The detective was on his feet, hat settled and stick in hand. He
had already decided that in the universal darkness of his mind he
could only follow the first odd finger that pointed; and this
finger was odd enough. Paying his bill and clashing the glass doors
behind him, he was soon swinging round into the other street.
It was fortunate that even in such fevered moments his eye was cool
and quick. Something in a shop-front went by him like a mere flash;
yet he went back to look at it. The shop was a popular greengrocer
and fruiterer's, an array of goods set out in the open air and
plainly ticketed with their names and prices. In the two most
prominent compartments were two heaps, of oranges and of nuts
respectively. On the heap of nuts lay a scrap of cardboard, on
which was written in bold, blue chalk, "Best tangerine oranges, two
a penny." On the oranges was the equally clear and exact
description, "Finest Brazil nuts, 4d. a lb." M. Valentin looked at
these two placards and fancied he had met this highly subtle form
of humour before, and that somewhat recently. He drew the attention
of the red-faced fruiterer, who was looking rather sullenly up and
down the street, to this inaccuracy in his advertisements. The
fruiterer said nothing, but sharply put each card into its proper
place. The detective, leaning elegantly on his walking-cane,
continued to scrutinise the shop. At last he said, "Pray excuse my
apparent irrelevance, my good sir, but I should like to ask you a
question in experimental psychology and the association of
ideas."
The red-faced shopman regarded him with an eye of menace; but he
continued gaily, swinging his cane, "Why," he pursued, "why are two
tickets wrongly placed in a greengrocer's shop like a shovel hat
that has come to London for a holiday? Or, in case I do not make
myself clear, what is the mystical association which connects the
idea of nuts marked as oranges with the idea of two clergymen, one
tall and the other short?"
The eyes of the tradesman stood out of his head like a snail's; he
really seemed for an instant likely to fling himself upon the
stranger. At last he stammered angrily: "I don't know what you 'ave
to do with it, but if you're one of their friends, you can tell 'em
from me that I'll knock their silly 'eads off, parsons or no
parsons, if they upset my apples again."
"Indeed?" asked the detective, with great sympathy. "Did they upset
your apples?"
"One of 'em did," said the heated shopman; "rolled 'em all over the
street. I'd 'ave caught the fool but for havin' to pick 'em
up."
"Which way did these parsons go?" asked Valentin.

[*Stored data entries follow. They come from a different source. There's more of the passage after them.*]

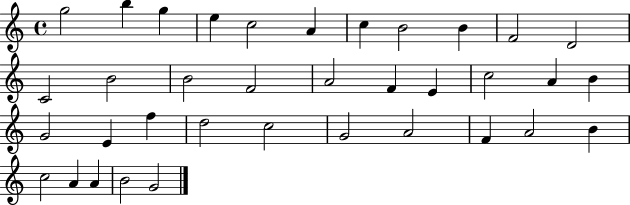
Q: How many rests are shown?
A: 0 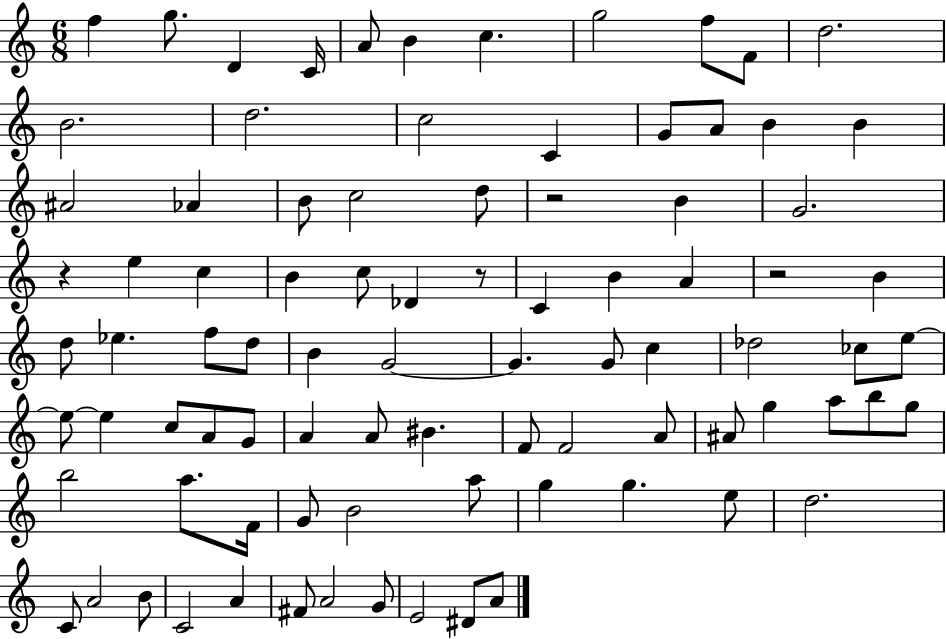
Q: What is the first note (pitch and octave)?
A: F5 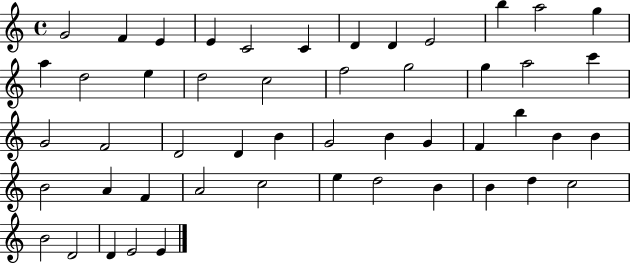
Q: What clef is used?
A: treble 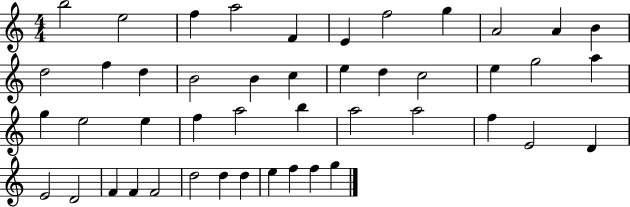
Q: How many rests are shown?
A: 0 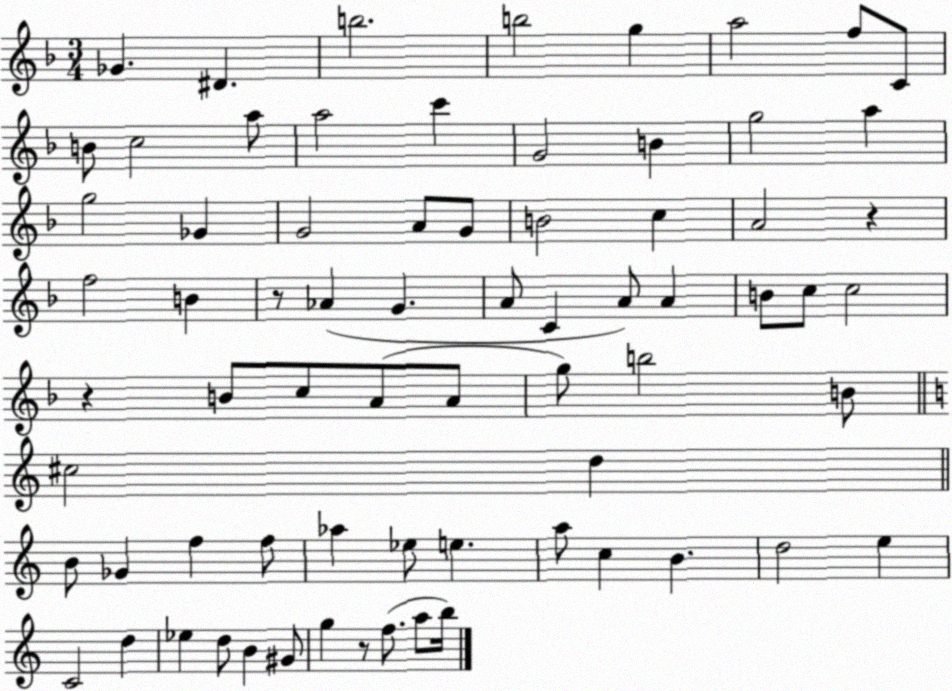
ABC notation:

X:1
T:Untitled
M:3/4
L:1/4
K:F
_G ^D b2 b2 g a2 f/2 C/2 B/2 c2 a/2 a2 c' G2 B g2 a g2 _G G2 A/2 G/2 B2 c A2 z f2 B z/2 _A G A/2 C A/2 A B/2 c/2 c2 z B/2 c/2 A/2 A/2 g/2 b2 B/2 ^c2 d B/2 _G f f/2 _a _e/2 e a/2 c B d2 e C2 d _e d/2 B ^G/2 g z/2 f/2 a/2 b/4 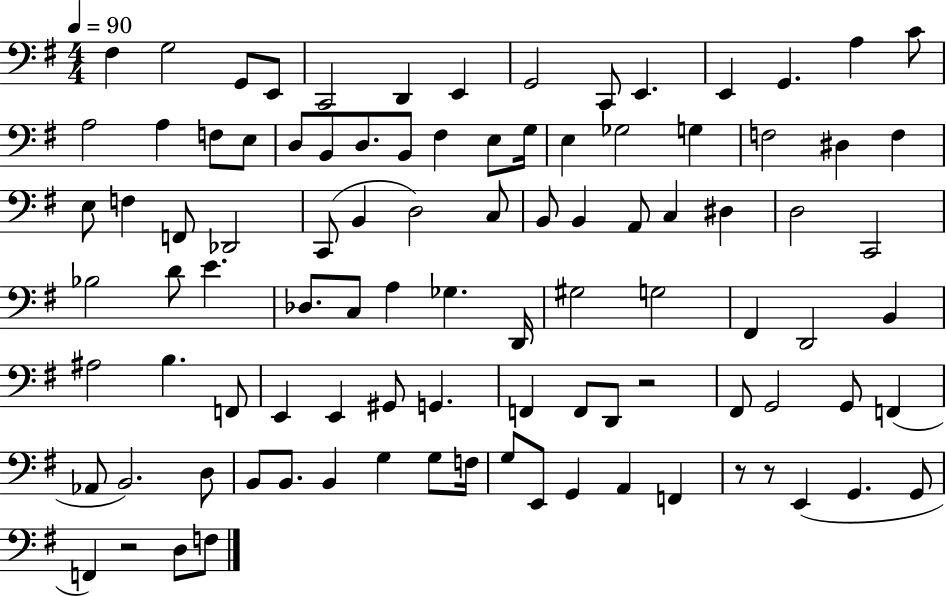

"Up that second road on the left-hand side, and then across the
square," said the other promptly.
"Thanks," replied Valentin, and vanished like a fairy. On the other
side of the second square he found a policeman, and said: "This is
urgent, constable; have you seen two clergymen in shovel
hats?"
The policeman began to chuckle heavily. "I 'ave, sir; and if you
arst me, one of 'em was drunk. He stood in the middle of the road
that bewildered that— "
"Which way did they go?" snapped Valentin.
"They took one of them yellow buses over there," answered the man;
"them that go to Hampstead."
Valentin produced his official card and said very rapidly: "Call up
two of your men to come with me in pursuit," and crossed the road
with such contagious energy that the ponderous policeman was moved
to almost agile obedience. In a minute and a half the French
detective was joined on the opposite pavement by an inspector and a
man in plain clothes.
"Well, sir," began the former, with smiling importance, "and what
may—?"
Valentin pointed suddenly with his cane. "I'll tell you on the top
of that omnibus," he said, and was darting and dodging across the
tangle of the traffic. When all three sank panting on the top seats
of the yellow vehicle, the inspector said: "We could go four times
as quick in a taxi."
"Quite true," replied their leader placidly, "if we only had an
idea of where we were going."
"Well, where are you going?" asked the other, staring.
Valentin smoked frowningly for a few seconds; then, removing his
cigarette, he said: "If you know what a man's doing, get in front
of him; but if you want to guess what he's doing, keep behind him.
Stray when he strays; stop when he stops; travel as slowly as he.
Then you may see what he saw and may act as he acted. All we can do
is to keep our eyes skinned for a queer thing."
"What sort of queer thing do you mean?" asked the inspector.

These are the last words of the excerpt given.